THE PROBLEM - Only the text of the records belongs in the answer; the pictures must be dropped.

Records from a dataset -
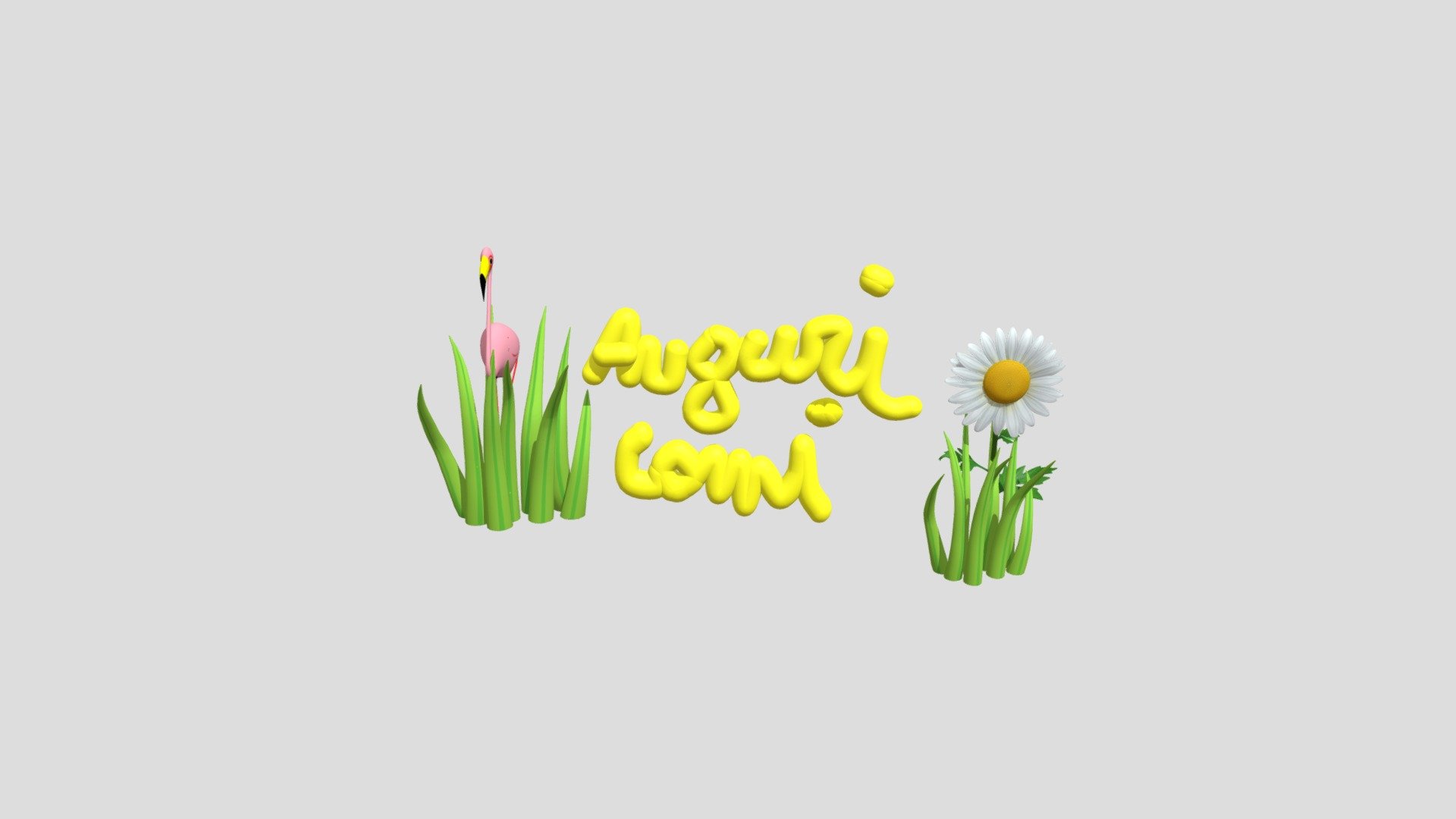 Progetto 3D Biglietto Auguri Glb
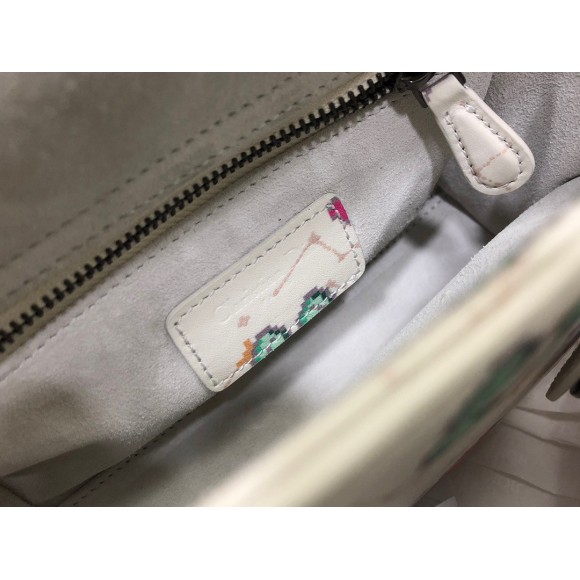 D*or lady D*or mini bag in white calfskin with pixel zodiac print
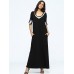 Women Crochet Lace Patchwork Short Sleeve Black Maxi Dresses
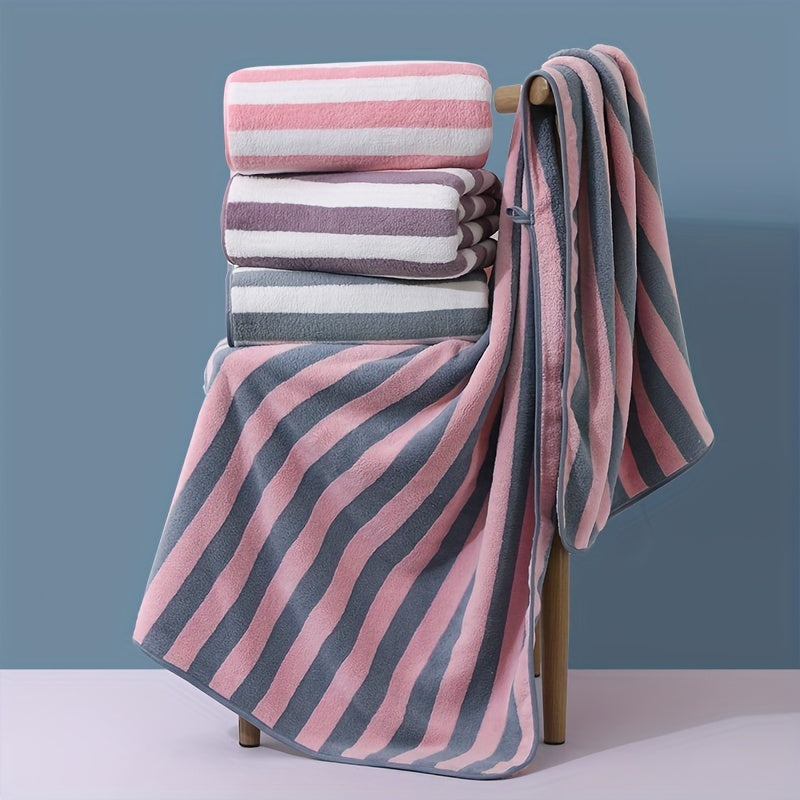 Microfiber Bath Towel Absorbent Quick-Dry with Colorful Stripes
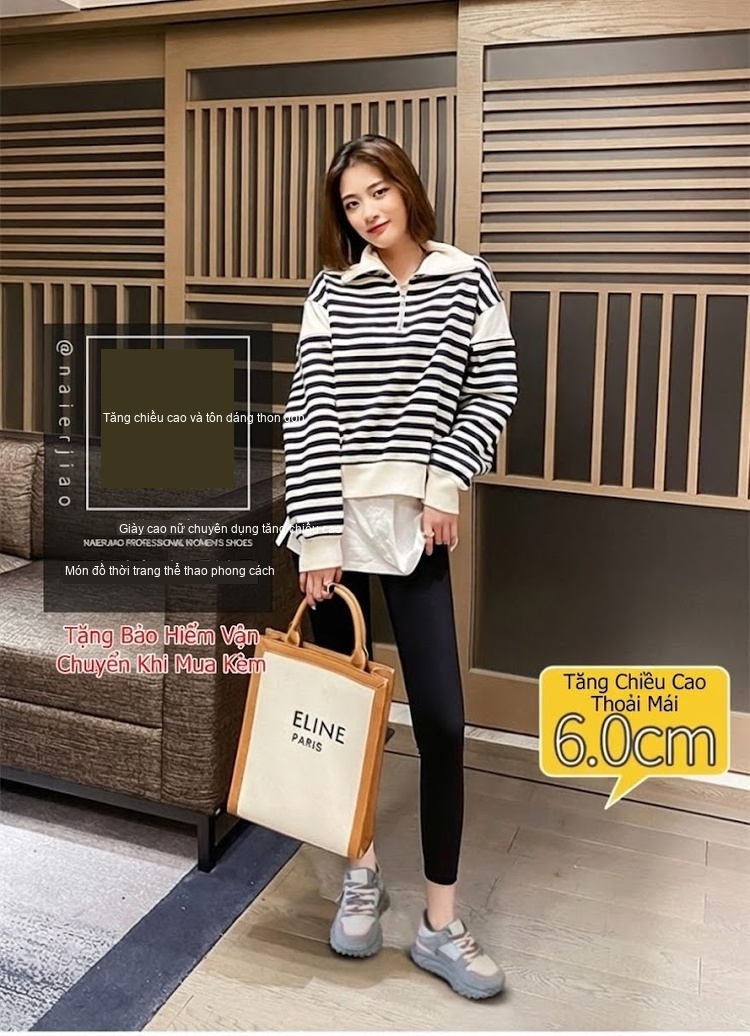 Giày Thể Thao Nữ Đế Dày Phong Cách Hàn Quốc Chiều Cao Đế Khoảng 5cm Màu Đen, Xám chi tiết 25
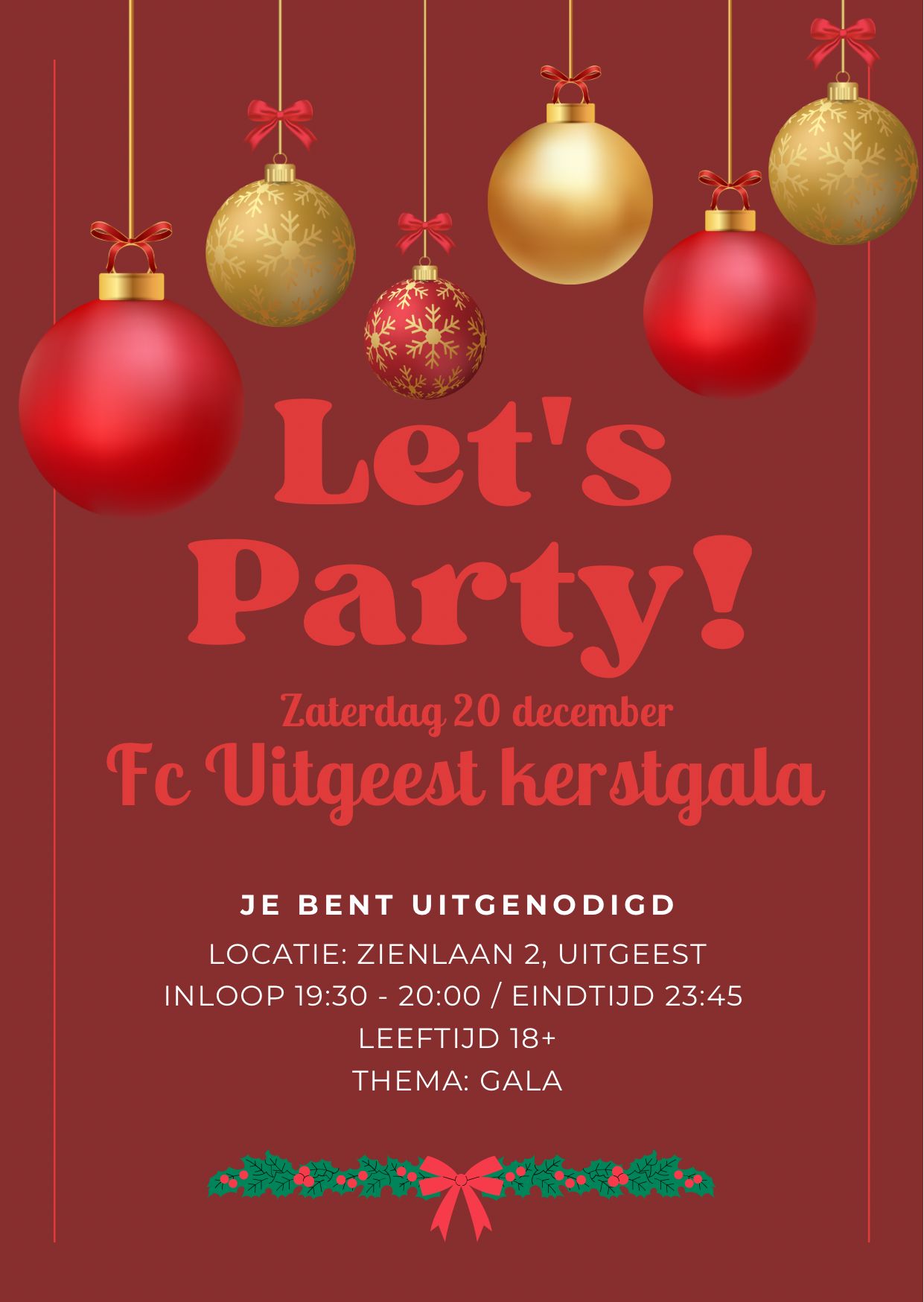 FC Uitgeest Kerstgala op zaterdag 20 december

SOLVED EXERCISE -
 Progetto 3D Biglietto Auguri Glb
 D*or lady D*or mini bag in white calfskin with pixel zodiac print
 Women Crochet Lace Patchwork Short Sleeve Black Maxi Dresses
 Microfiber Bath Towel Absorbent Quick-Dry with Colorful Stripes
 Giày Thể Thao Nữ Đế Dày Phong Cách Hàn Quốc Chiều Cao Đế Khoảng 5cm Màu Đen, Xám chi tiết 25
 FC Uitgeest Kerstgala op zaterdag 20 december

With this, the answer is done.